A volunteer reacting after tear gas was fired by police during a protest in the Wong Tai Sin area of Hong Kong on Thursday. Yan Zhao / AFP
Hong Kong’s Airport Authority said on Friday only departing passengers with travel documents will be allowed to enter the terminal as anti-government activists gear up for a three-day rally to raise awareness among tourists entering the city.
The move comes as officials confirmed on Friday that a police commander who oversaw pro-democracy demonstrations that roiled the former British colony in 2014 has been recalled to help deal with protests that have plunged the financial hub into crisis.
Former deputy police commissioner Alan Lau Yip-shing has been appointed to help handle large-scale public order events and steer operations, including activities to mark the 70th anniversary of the founding of the People’s Republic of China on Oct.1, the government said in a statement.
Reuters reported late on Thursday, citing sources, that Lau had been recalled in a move that suggests the government lacks confidence in the capacity of the current police leadership to manage the response to protests.
Hong Kong, which returned to Chinese rule in 1997, is embroiled in its worst political crisis for decades after two months of increasingly violent protests that have posed one of the gravest populist challenges to Chinese leader Xi Jinping since he took office in 2012.
The escalating cycle of violence has prompted travel warnings from countries including the United States and Australia.
Activists plan to converge on the airport on Friday afternoon, with more protests planned across the city at the weekend.
“To maintain the smooth process of the departure procedures of passengers and the terminal operation, only departure passengers with an air ticket or boarding pass for the next 24 hours and a valid travel document, or airport staff with identity proofs will be allowed to enter to the check-in aisles at Terminal 1,” the Airport Authority said in a statement.
What started as an angry response to a now-suspended extradition bill has grown to include demands for greater democracy, the resignation of Hong Kong’s chief executive, Carrie Lam, and even keeping mainland Chinese tourists out of the city.
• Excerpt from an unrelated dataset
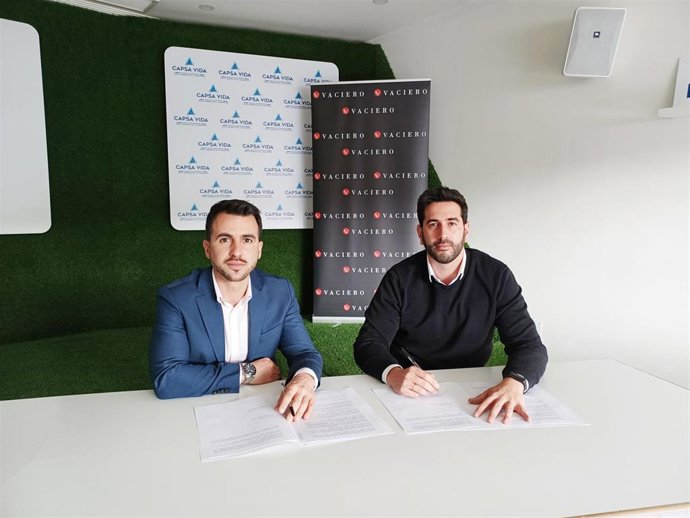 Archivo - El socio de Consultoría de Innovación Empresarial de Vaciero, Abel Fernández y Rubén Hidalgo, Director de Corporate Venturing de CAPSA,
The extradition bill would have allowed defendants to be sent to the mainland for trial.
The Real Estate Developers Association of Hong Kong said on Thursday that it condemed the escalating violence and hoped the city regained peace and order as soon as possible.
Signed by 17 of the city’s big property developers including Henderson Land Development, New World Development, and Sun Hung Kai Properties, it was the first official statement made by the group.
“The Hong Kong community has been suffering from the acts of violence perpetrated by a small group of individuals lately. Such acts have deviated from the original intent of the peaceful demonstrations and are bringing distress to the business community and the general public as a whole.”
The Chinese General Chamber of Commerce on Thursday also put out a statement saying it supported the stance of Zhang Xiaoming, one of the most senior Chinese officials overseeing Hong Kong affairs, during a meeting in the southern Chinese city of Shenzhen this week.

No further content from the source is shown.